Data Analysis and Dissemination

Our Policy

The NCJFCJ’s research division, the National Center for Juvenile Justice (NCJJ), works to translate data into information that busy juvenile justice policymakers and professionals can put to use. Disseminating information not only to those working in the juvenile justice field but also to the public is an important part of the data-driven decision-making feedback loop.

Our Work

The Office of Juvenile Justice and Delinquency Prevention (OJJDP)-funded Statistics and Systems Development (SSD) Program, now the National Juvenile Justice Data Analysis Program, has published a series of Juvenile Offenders and Victims reports. These user-friendly reports draw on reliable data and relevant research to provide a comprehensive and insightful view of juvenile crime across the nation. For example, NCJJ analyses presented in these reports established that the peak time for juvenile violence is in the hours at the end of the school day, a fact now taken for granted by most in the field. NCJJ developed and maintains OJJDP’s primary vehicle for the dissemination of statistical data, the online Statistical Briefing Book, one of the most used areas of OJJDP’s website.

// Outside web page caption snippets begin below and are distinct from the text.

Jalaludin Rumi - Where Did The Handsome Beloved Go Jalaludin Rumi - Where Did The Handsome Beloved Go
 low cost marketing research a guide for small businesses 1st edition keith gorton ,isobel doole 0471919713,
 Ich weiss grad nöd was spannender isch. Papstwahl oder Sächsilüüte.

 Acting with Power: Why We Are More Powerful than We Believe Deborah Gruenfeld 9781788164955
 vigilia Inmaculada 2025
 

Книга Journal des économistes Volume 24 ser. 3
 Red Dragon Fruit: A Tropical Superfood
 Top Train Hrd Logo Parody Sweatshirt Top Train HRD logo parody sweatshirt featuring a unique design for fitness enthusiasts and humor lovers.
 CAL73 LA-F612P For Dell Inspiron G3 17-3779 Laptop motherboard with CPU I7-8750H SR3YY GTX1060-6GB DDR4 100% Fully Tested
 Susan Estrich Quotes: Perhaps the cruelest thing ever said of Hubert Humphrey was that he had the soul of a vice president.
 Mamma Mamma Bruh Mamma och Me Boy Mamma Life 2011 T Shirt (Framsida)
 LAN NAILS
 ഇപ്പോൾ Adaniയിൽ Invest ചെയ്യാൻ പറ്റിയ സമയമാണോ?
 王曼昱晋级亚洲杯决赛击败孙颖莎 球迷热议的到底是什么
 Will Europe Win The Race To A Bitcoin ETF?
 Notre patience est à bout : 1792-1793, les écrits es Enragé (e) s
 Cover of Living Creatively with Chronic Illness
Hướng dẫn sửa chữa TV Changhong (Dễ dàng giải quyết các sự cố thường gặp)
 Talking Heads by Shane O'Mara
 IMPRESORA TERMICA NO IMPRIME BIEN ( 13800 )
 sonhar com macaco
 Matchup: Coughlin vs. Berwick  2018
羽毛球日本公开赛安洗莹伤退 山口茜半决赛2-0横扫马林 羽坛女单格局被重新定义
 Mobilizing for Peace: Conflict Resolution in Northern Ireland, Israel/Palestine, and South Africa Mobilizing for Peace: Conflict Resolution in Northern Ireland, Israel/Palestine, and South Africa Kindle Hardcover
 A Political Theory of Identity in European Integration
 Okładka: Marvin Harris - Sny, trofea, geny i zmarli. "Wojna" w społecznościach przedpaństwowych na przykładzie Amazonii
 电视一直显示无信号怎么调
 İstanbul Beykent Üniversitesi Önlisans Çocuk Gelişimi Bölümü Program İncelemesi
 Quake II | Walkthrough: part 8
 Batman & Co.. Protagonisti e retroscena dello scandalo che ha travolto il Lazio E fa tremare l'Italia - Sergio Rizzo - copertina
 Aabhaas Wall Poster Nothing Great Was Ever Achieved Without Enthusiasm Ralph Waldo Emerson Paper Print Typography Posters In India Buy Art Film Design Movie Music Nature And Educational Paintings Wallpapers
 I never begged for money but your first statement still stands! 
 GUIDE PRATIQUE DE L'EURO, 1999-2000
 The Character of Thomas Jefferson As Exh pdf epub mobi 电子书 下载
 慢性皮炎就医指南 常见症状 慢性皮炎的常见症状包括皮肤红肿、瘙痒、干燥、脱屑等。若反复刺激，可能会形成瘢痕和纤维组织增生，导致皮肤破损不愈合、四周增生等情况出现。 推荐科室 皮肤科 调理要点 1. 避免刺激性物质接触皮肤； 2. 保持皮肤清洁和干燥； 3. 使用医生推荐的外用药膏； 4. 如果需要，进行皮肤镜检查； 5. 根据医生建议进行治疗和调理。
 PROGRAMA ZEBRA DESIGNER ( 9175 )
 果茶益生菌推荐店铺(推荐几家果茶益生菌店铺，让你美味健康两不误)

The NCJJ’s long-time Technical Assistance to Juvenile Courts Project, funded by OJJDP, has responded to thousands of technical assistance requests in its decades-long history, and publications both changed and documented a change in the field. Examples of such seminal publications are the Desktop Guide to Good Juvenile Probation Practice, the State Responses to Serious and Violent Juvenile Crime, and the online State Juvenile Justice Profiles.

JJGPS

With funding from the John D. and Catherine T. MacArthur Foundation, NCJJ launched the Juvenile Justice GPS (Geography, Policy, Practice, & Statistics) website that tracks juvenile justice change across the country to understand better and encourage reform and highlight progressive data dissemination.

The Juvenile Justice GPS website details the variations in state juvenile justice laws, policies, and procedures—variations critical to understand to work in the field. The website presents this information alongside relevant juvenile justice statistical information. The site is in many ways a marriage of the Statistical Briefing Book and the State Juvenile Justice Profiles sites in an interactive, highly visual way.

Our Results

The Juvenile Offenders and Victims reports have been widely used (by the White House, both sides of the aisle in Congress, practitioners and policymakers at all levels, and the public). The last edition was cited in U.S. Supreme Court decisions in Roper and Miller. NCJJ’s Data Analysis Program also publishes the annual Juvenile Arrests bulletin and developed and maintains the online Statistical Briefing Book for the OJJDP. The Briefing Book is one of the most popular areas of OJJDP’s website with more than 400,000 visits each year.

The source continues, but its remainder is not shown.